My fascination with uniforms continued as I joined the Cubs, then the Scouts, then the Air Cadets, the Officer Training Corp and, finally, the Special Constables. I never did realise my dream of joining the armed forces as my eyesight was too bad to join the branches I wanted to; Military Police, Military Intelligence and the RAF Regiment.
Friends of my did however. Two of them are dead thanks to IEDS and one of my closest friends, my little brother in all but name, is currently out in Afghanistan, ‘living the dream’ as they call it. I’ve always thought it must be hard on the families of service personnel, seeing the person that they love go off for months at a home, sometimes to never return, but I’ve never really thought about the wives/husbands. They, after all is said and done, made the choice to marry/partner up with someone in the armed forces. I’ve always felt for the kids.

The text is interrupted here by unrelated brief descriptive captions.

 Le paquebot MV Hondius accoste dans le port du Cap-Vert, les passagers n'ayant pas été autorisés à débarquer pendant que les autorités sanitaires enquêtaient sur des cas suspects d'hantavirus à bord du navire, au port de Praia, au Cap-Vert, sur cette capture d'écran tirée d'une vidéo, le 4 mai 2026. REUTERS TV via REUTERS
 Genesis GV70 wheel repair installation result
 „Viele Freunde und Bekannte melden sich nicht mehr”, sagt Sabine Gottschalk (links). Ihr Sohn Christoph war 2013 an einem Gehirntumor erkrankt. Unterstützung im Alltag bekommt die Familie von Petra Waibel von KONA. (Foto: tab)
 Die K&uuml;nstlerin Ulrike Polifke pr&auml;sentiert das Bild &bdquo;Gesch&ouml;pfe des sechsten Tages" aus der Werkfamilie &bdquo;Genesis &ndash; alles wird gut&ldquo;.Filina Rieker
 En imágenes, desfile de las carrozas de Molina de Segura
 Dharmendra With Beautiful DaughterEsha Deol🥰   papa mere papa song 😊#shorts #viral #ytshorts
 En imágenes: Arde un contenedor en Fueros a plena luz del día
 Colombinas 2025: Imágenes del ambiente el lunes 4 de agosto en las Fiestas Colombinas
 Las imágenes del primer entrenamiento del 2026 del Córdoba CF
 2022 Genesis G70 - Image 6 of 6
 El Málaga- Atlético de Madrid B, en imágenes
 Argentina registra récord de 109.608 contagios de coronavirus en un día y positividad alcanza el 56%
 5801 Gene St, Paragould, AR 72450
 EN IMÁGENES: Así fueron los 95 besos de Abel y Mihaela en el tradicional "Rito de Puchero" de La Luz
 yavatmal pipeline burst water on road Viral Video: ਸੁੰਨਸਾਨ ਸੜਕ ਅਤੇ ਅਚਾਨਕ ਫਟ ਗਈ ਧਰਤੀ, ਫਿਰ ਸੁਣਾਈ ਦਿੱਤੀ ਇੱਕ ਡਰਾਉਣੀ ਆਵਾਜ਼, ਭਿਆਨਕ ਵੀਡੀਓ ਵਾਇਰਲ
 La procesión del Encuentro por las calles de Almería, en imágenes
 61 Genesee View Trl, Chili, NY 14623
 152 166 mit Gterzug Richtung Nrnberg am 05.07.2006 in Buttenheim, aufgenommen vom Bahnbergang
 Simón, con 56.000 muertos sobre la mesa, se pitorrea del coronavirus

So, imagine how I felt this morning as I was having a cup of tea before starting work, when I saw Nikki Scott of Scotty’s Little Soldiers talking about the work that her charity does for children who have lost a parent. The bare bones of the background is that she lost her own husband, Corporal Lee Scott, who was sadly killed in Afghanistan in July 2009 leaving behind her and their two young children. Nine months or so after that horrible event, she took her children on holiday and, seeing her son smiling in the pool, realised that it was the first time nine months she had seen him smile. I most certainly teared up then. Being a father of two amazing kids, I would hate to see them so hurt, and I empathise far too easily.
As a result of seeing her, hearing her talk about the great work that they do for children, and how doing this has helped her and her children, I’ve contacted the charity and made them an offer that they’ll hopefully take me up on. We’ve all heard of the Royal Legion and Help For Heroes, and they do amazing work – which again I’m hoping to support next year – but I think it’s far more important to put a smile back on the faces of kids that have lost one of the most important people in their lives, and start healing wounds that no-one can see, but which will be with them forever.